Elle reprit son téléphone.
« Mais genre, un cool comment ? »

Amandine soupira. Reposa le téléphone sur le lit. Fixa un long moment Anne qui lui souriait.

« OK, j’ai une théorie sur les mecs, tu veux l’entendre ?
Anne réprima un petit rire. Les théories d’Amandine étaient habituellement constituées d’un bric-à-brac de pop-psychologie, d’analogies geek pour le moins surprenantes, et habituellement d’une légère dose de mauvaise foi. Elle recula un peu, sur son lit pour s’adosser au mur.
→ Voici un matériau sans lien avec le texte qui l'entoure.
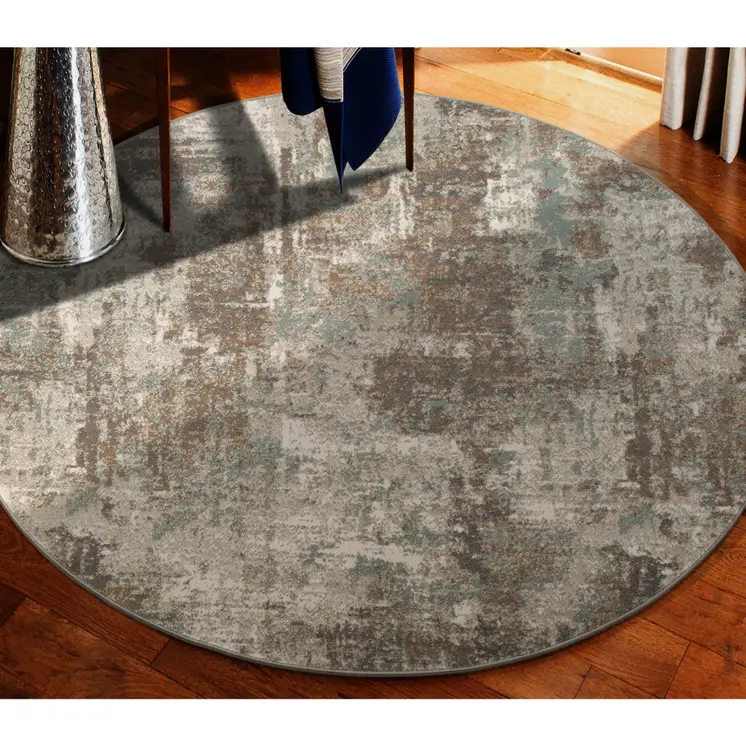 8' Gray and Light Brown Abstract Power Loom Round Rug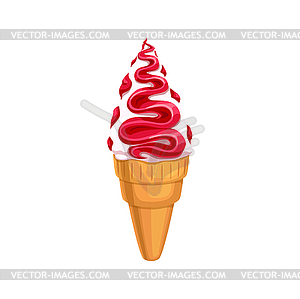 Cartoon ice cream cone with cherry fruit sauce - vector image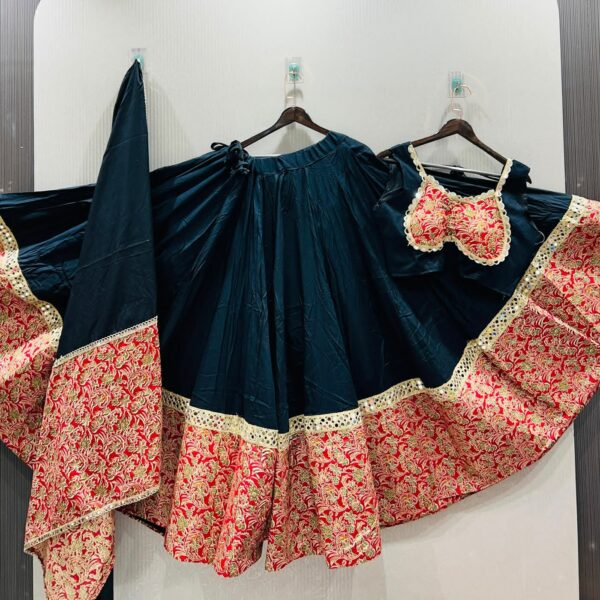 Pure Cotton Kalamkari Print Border Mirror Work Chaniya Choli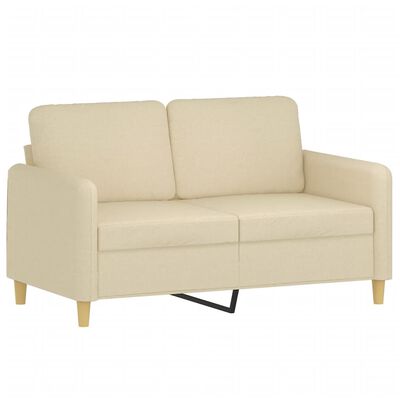 vidaXL 3 pcs conjunto de sofás com almofadas tecido cor creme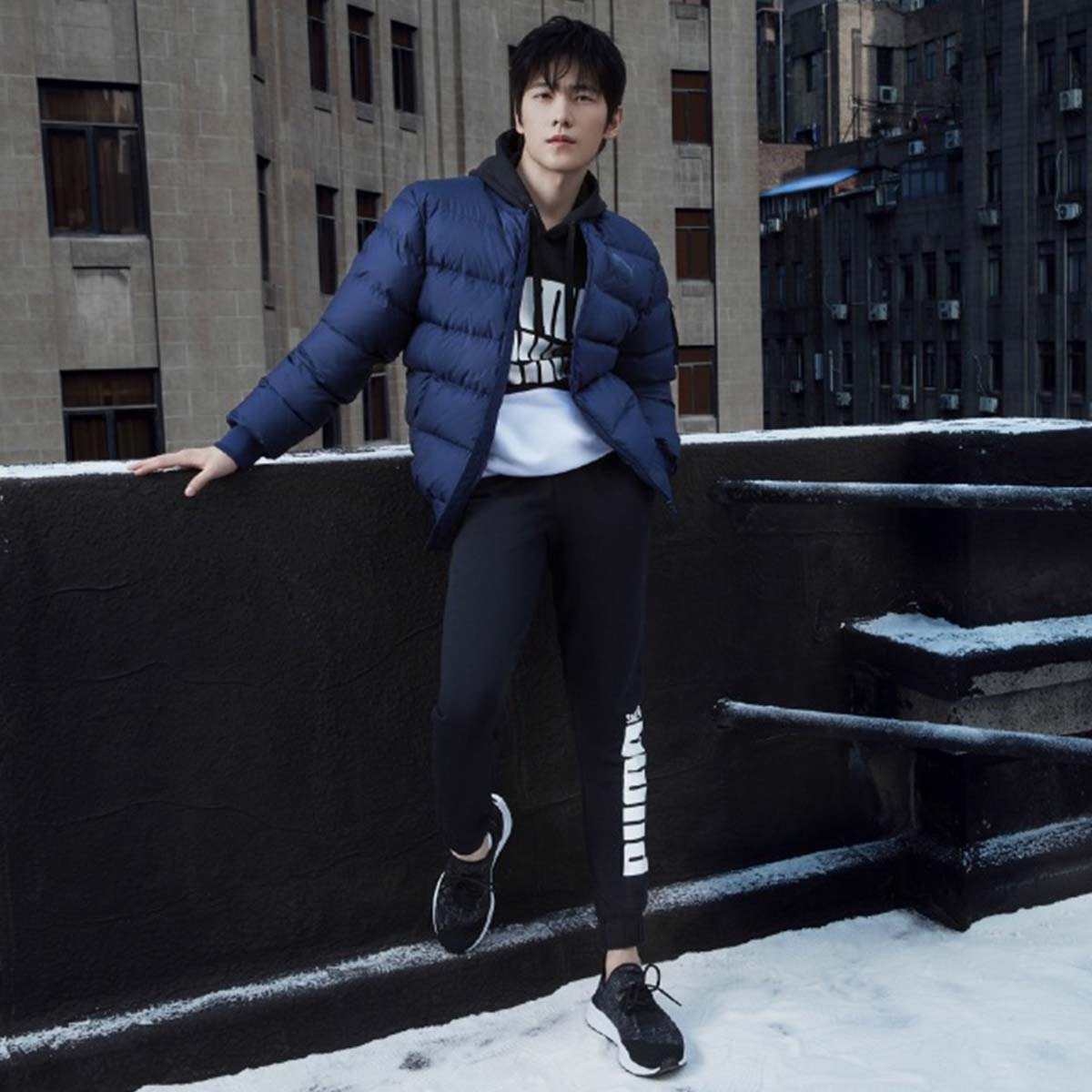 彪马puma 杨洋同款 恒温保暖 男款长袖羽绒外套 蓝色 xxl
-OK, alors prends n’importe quel mec, OK ? Le mec de base. (elle rentra la tête dans les épaules , élongea la mâchoire et écarta légèrement les bras, adoptant la posture du gorille moyen).
-OK.
-Bon, alors le mec en question, tu le fréquentes un peu, tu vois comment il fonctionne, disons en trois soirées, tu arrives assez facilement à décider si c’est plutôt un Mac ou un PC, tu vois ?
-Il va falloir que tu m’expliques mieux, là, je suis à peu près aussi douée en ordinateurs que ta sœur.
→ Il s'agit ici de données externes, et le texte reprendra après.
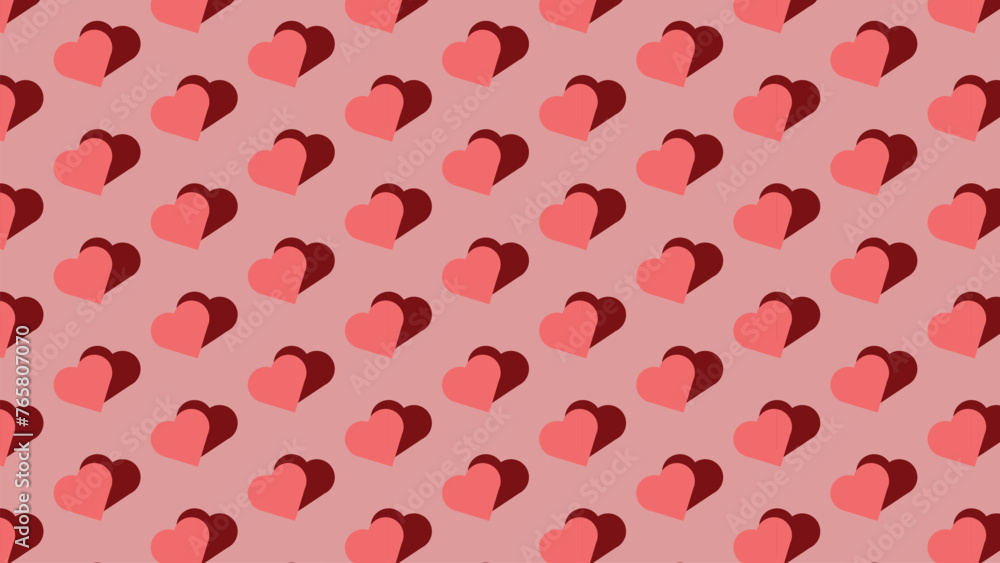 background with hearts spread across the surface. Heart with shadow. Background in shades of pink. Repeating pattern, heart, love, wrapping, fabric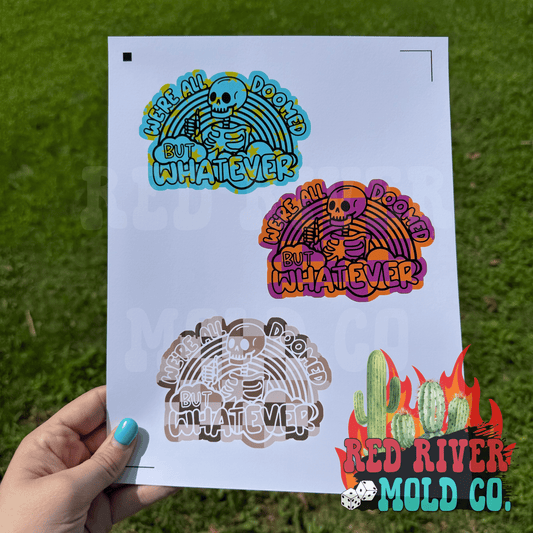 Whimsical Wiffs We're All Doomed But Whatever cardstock grab bag - Red River Mold Co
Amandine poussa un long soupir exaspéré.

-Ben un Mac, c’est un type qui est plutôt beau à regarder, mais à qui il manque 2-3 features indispensables. Genre tu peux pas trop communiquer profondément avec lui, son système de classement des fichiers est bordélique, son disque dur, son cerveau, quoi, est pas vraiment accessible par l’utilisateur, l’utilisatrice lambda, et au final tu te demanderas toute ta vie s’il en a vraiment un… »

La porte de l’appartement s’ouvrit brusquement, et Anne et Amandine bondirent du lit pour aller voir si Max et Millia rentraient ensemble ou séparément, main dans la main où en regardant leurs pieds. En l’occurrence, il s’agissait de Sam, qui se dirigea immédiatement vers la cuisine, ouvrit le frigo, puis une bière, avant de demander, vaguement, s’il restait des cartons à monter.« Oh, on a fini il y a environ trois heures, déclara Amandine d’une voix où suintait l’ironie… »
« Ah », répondit Sam. Puis il s’assit dans le canapé.
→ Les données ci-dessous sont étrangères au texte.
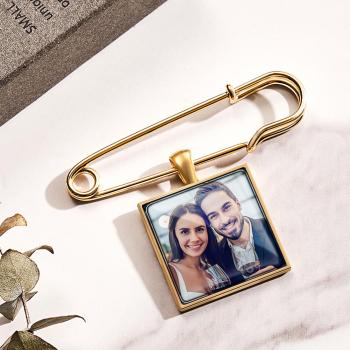 Personalized Photo Lapel Pin Memorial Charm Brooch Gift For Man - yournamenecklaceuk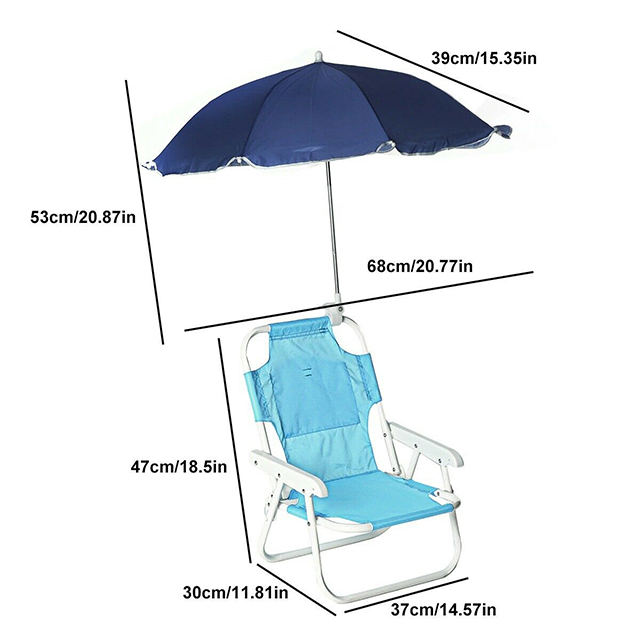 Kids beach chair with umbrella folding child summer sun shade camping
Amandine et Anne échangèrent un regard.
« Voilà, déclara Amandine. Décoratif, souvent inutile à moins d’avoir à lui faire faire quelque chose de clinquant ou de classique, tu peux être sûre qu’il y a genre Word et Excel d’installés dessus, peut-être un ou deux trucs vraiment utiles ou fun, mais sinon il n’y a pas grand’ chose qui le différencie du Mac d’à-côté. A la rigueur un écran plus ou moins grand, mais à part ça, tu trouveras le même abonnement à GQ, le même abonnement à Holmes Place, et une tendance générale à devoir le changer dès qu’un truc minime commence à ne plus fonctionner. En même temps, si tu as des besoins classiques, tu peux y aller tranquille, ça occupe, c’est pratique, et tout le monde veut le même parce que c’est le modèle qu’utilisent 90% des personnages de films.
-OK, je vois.
-De l’autre côté t’as les PC Windows, tout ça tout ça, Alors là tu peux y aller comme tu veux, tu peux farfouiller, bidouiller, et pour peu que tu saches à peu près ce que tu fais, tu peux même les ouvrir et changer des composants. OK, ils sont buggés à mort, et tu vas avoir des moments où ils crashent juste au milieu de la conversation, Blue Screen of Death, y a plus qu’à rebooter (et sur les mecs, c’est pas comme sur les ordis, le mode sans échec, connais pas). Mais en même temps, t’auras tellement fait de trucs avec que c’est normal, quelque part. Au pire, tu réinstalles, OK, tu vas perdre 2-3 trucs, mais c’est pas gravissime, et au final tu pourras lui faire faire plein de trucs, comme par exemple la recette des pâtes au thon de la mort qui tue, bien trop salissante pour un Mac.
-C’est vrai que je vois assez mal Sam mettre un petit tablier avec des citrons dessus pour éviter de tacher son Hilfiger avec de la sauce tomate.
-Et puis il y a plein de modèles différents, au moins, donc aucun ne va précisément avec tes meubles , mais si ça fait l’boulot, tu t’en fous.
-Et tu penses que Max, c’est plutôt un PC, alors ?
-Ouais, grave, mais Max c’est encore toute une autre histoire, meuf.
-Comment ça ?
-Max, il tourne sous Linux. »

La porte s’ouvrit doucement, s’excusant presque, Une fois encore, Amandine et Anne se précipitèrent. Max, la main droite sur la porte, les yeux écarquillés, regarda longuement les sourires d’Anne et Amandine, semblant hésiter entre l’un et l’autre. Il lança un regard interrogateur à Millia, qui ferma la porte, en lançant « Quand est-ce qu’on mange ? ».